To the Afrikaner, long beholden to his laager mentality, the obvious was, at last, becoming obvious. His choices were narrowing, and the longer he waited to become proactive rather than reactive to the swirling vortex of the inevitabilities he had to confront, the more he was losing his capacity to control their outcome. At some point self interest had to assert itself, and self interest dictated that he would have to do that which he had vowed never to do – talk with the legitimate leaders of Blacks about legitimate Black demands, which meant, of course, talking to the ANC. He could do it now. And gain some. He could do it later. And gain nothing.

Self-interest is a perquisite for survival, and the Afrikaner had made an art of the practice. He could argue that the ANC's military campaign was more imaginary than real; that if pushed, the government could reassert its authority over the townships now in the hands of young Blacks, even if the price it had to pay would be horrendous. He could argue that he could hold onto power for at least another twenty years, but he would be making the argument from suppositions that might or might not be invalid, and even if thy were valid, he would have been missing the point: A day of reckoning was inevitable, and that if he continually tried to postpone that reckoning, he would have to face it with an empty hand-alone, isolated, and without support. He would, of course, in the self-destructive decision to cling to all power at all costs ruin his economy and with it the source of his power.
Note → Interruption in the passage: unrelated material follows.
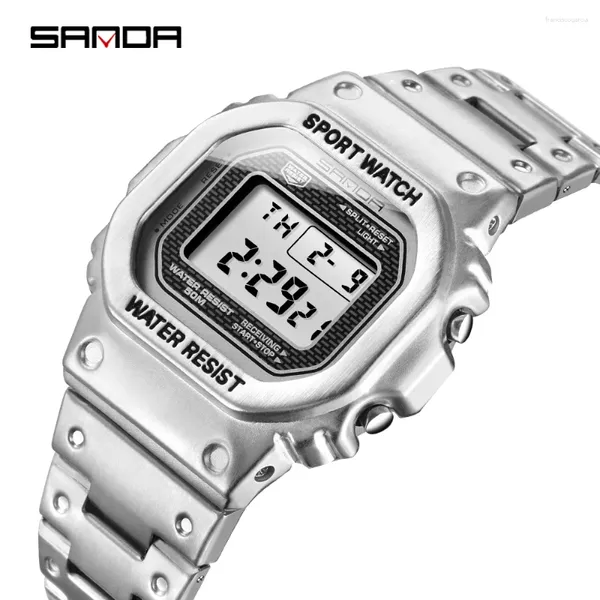 Armbanduhr Sanda Luxus Fashion G Style Herren Sportwachen LED Digital Uhren Männer lässig wasserdichte Armbanduhr Stahl Clock Relogio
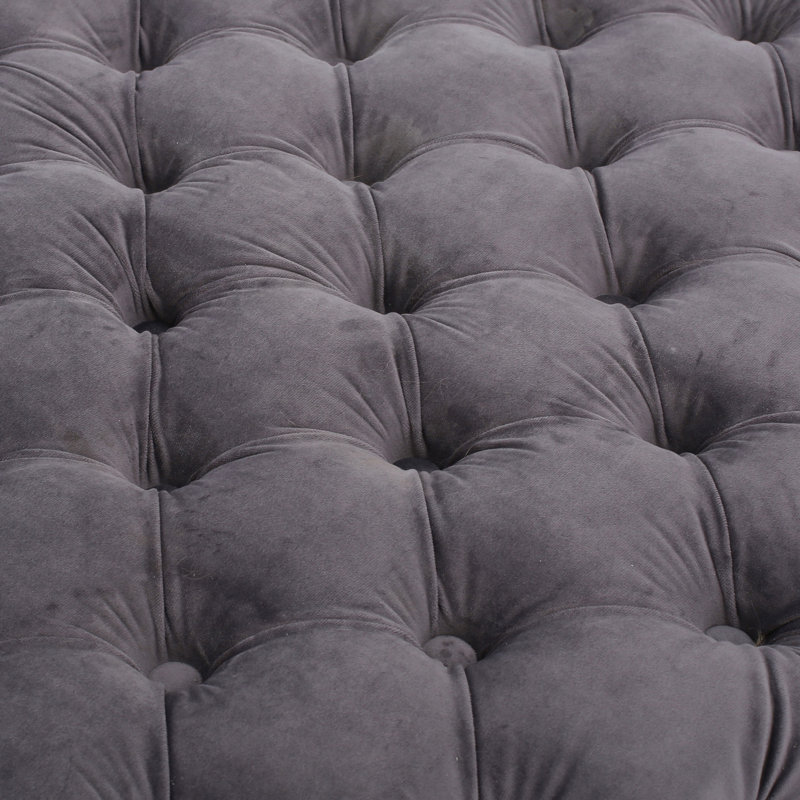 Grey Modern With Soft Velvet And Button Tuft Pattern, 29.11" X 17.75 Tufting, W D 17.75" H, Gray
Between 1908 and 1948, the world had changed a hundred fold; between 1949 and 1989 it had changed a thousand fold. Unless he got off the fence of history, he would not become one of history's casualties; he would do better. He would become extinct, a historical fossil, worth perhaps the usual crop of doctoral dissertations, but little more, a footnote in the literature of how nationalities consumed with preserving their identity consume themselves. The grim reality of the undisputable was bearing down on him with a terrifying intensity.

However, although the demise of apartheid and rule by the majority in South Africa was perhaps inevitable, when it might occur and under what circumstances were far less certain. In many conflicts, the antagonists independently reach the conclusion that while they cannot defeat their opponent; neither can their opponent defeat them. But not until these realizations become congruent does a situation arise in which both are able to set in motion the actions that lead them step by step into a sustainable negotiating process.

3

In South Africa, a number of factors colluded and converged hastening the recognition by the government and the liberation movement that negotiations might yield greater dividends to both than a continuation of a conflict that neither could win or that either could win but at a cost that would perhaps irreversibly damage the long term interests of both.

The government had to concede that repression hadn't worked, that while it could put a lid on mass mobilization, crippling strikes, boycotts, and the permanent state of unrest in many townships successive states of emergencies created the conditions for fermenting the conditions that led to the upheavals in the first place. Nor were confrontations with the state confined to political issues, although the state's ham-handed ways of dealing with them invariably ensured that they would become political.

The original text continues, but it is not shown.